For Palantir, this mission is going well. Besides supporting the genocidal actions of the US and Israel, the company is increasingly embedded in the UK government, via deals worth some $600 million with the NHS, military, and local councils. Despite widespread backlash, it’s also poised to provide spy tech to the Metropolitan Police. Needless to say, it doesn’t need to flog merch just to stay afloat. So what are we actually looking at here?

After the Palantir chore coat hit the timeline, a post by fashion commentator and critic Chloe Iris Kennedy resurfaced. Referencing a December 2025 streetwear drop by Lockheed Martin (yes, another US defence firm), she wrote: “in the early 2000s, camo print was strategically placed in the fashion zeitgeist as a means of aligning the western world with the war on terror.” But today, she adds, the aesthetic comes from the top down: “Nowadays, war machines can simply release merchandise, label it gorpcore, and the public will willingly fund their acts of terror. This is the consequence of decades of denying the politics of fashion.”

But again, Palantir doesn’t exactly need public funding. What it does need is cultural capital, or at least a way to whitewash its influence over some of the worst atrocities of the 21st century so far. And why not look to the playbook of past movements, like the Nazi party or Italian Futurists, for inspiration? All the way back in 1935, the critical theorist Walter Benjamin identified aesthetics as a key ingredient of these fascists’ rise to power, as well as a way to maintain the illusion that people can “express themselves” while their rights are stripped away.

OK, so Palantir is selling a jacket, alongside its previously-released t-shirts, ‘Silicon Valley dropout’ crew necks, and patches. Is it really that deep? Well, let’s take a look at how far its cultural influence has spread so far. On social media, you can find starter packs for guys who “support the Thiel thing” (unhinged venture capitalist Peter Thiel is a co-founder of Palantir, naturally) alongside The Devil Wears Prada chore coat memes, and fake Palantir ads starring the likes of Sydney Sweeney, Olivia Rodrigo, Sabrina Carpenter, and Margaret Qualley. (Who is making these?

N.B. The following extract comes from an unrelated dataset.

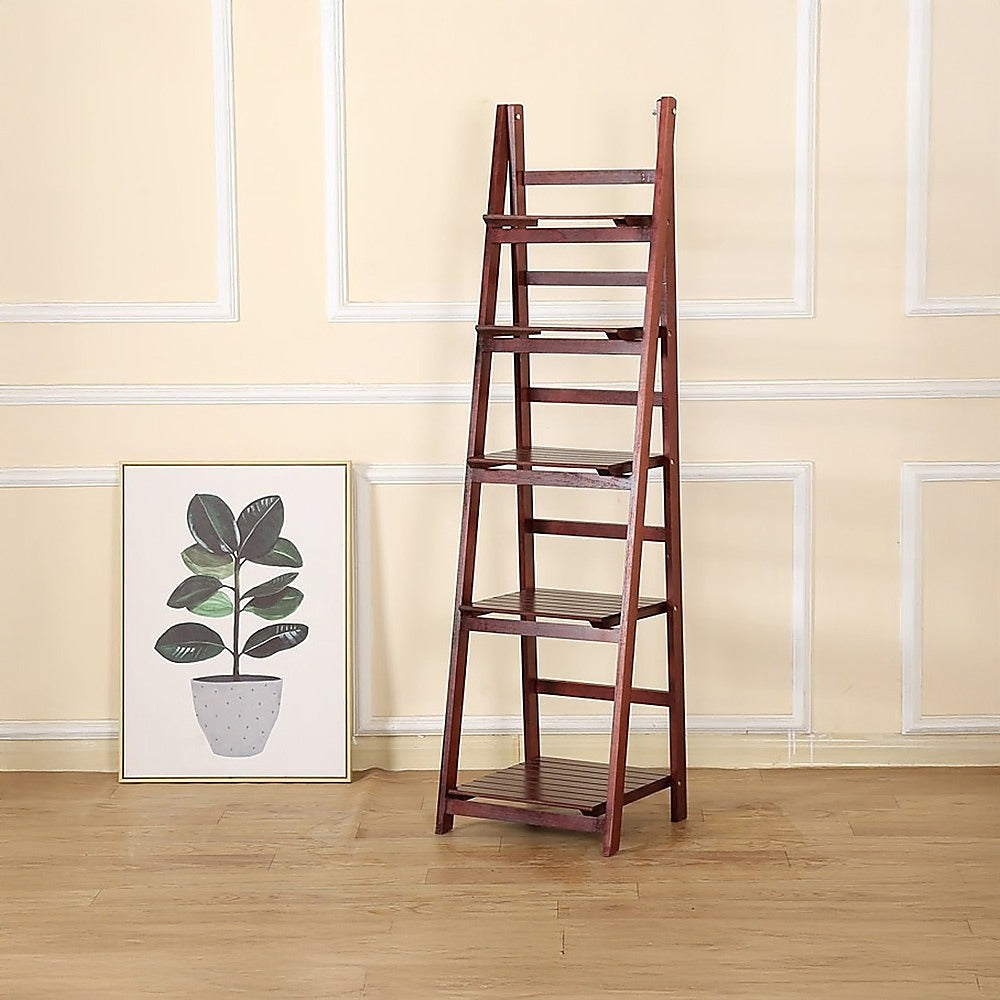 5 Tier Wooden Ladder Shelf Stand Storage Book Shelves Shelving Display Rack - TRENDZ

Is it safe to say they’re on the Palantir payroll?) Relatedly, we’ve seen a proliferation of weapons across the cultural landscape, from magazine covers, to cult fashion collections, to one of the year’s most talked-about films (iykyk).

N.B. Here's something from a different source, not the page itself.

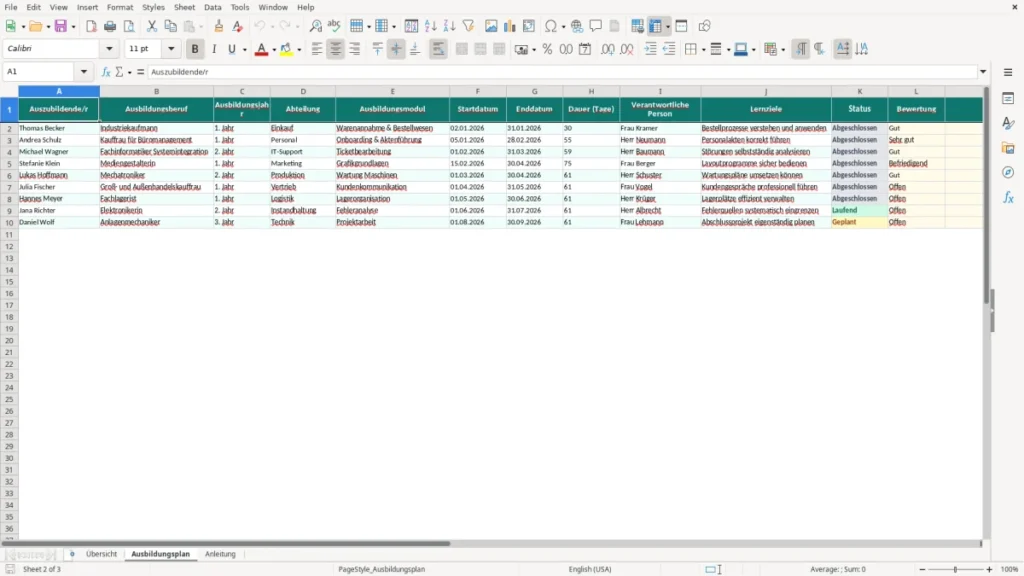 Ausbildungsplan – Betrieblicher Ausbildungsplan Excel Vorlage (2026)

Of course the tone of these cultural references is often ironic, but for Palantir they arguably serve a similar purpose to the kitsch art and far-right slop that’s being churned out by the US government. The more we’re exposed to the brand and its military associations, the easier it gets to normalise its (very abnormal) activities in our minds. It doesn’t even really matter if you like Palantir’s merch or not, whether you care if it’s all-American or inspired by French workwear – the point is cultural saturation. Just as Palantir infiltrates national infrastructure with its software, each meme and merch drop sees it sneak even deeper into our brains.

If camo was meant to taste-wash the War on Terror on the down-low, Palantir’s imperialist end goals seem much more out in the open. See point six of the company manifesto: “National service should be a universal duty. We should, as a society, seriously consider moving away from an all-volunteer force and only fight the next war if everyone shares in the risk and the cost.” At least we know what Younes meant when he said the chore coat was “great for activities” – when they hit the frontlines in World War III, every American will be dressed in 100 per cent cotton ‘relaxed fit’ workwear with a French twist.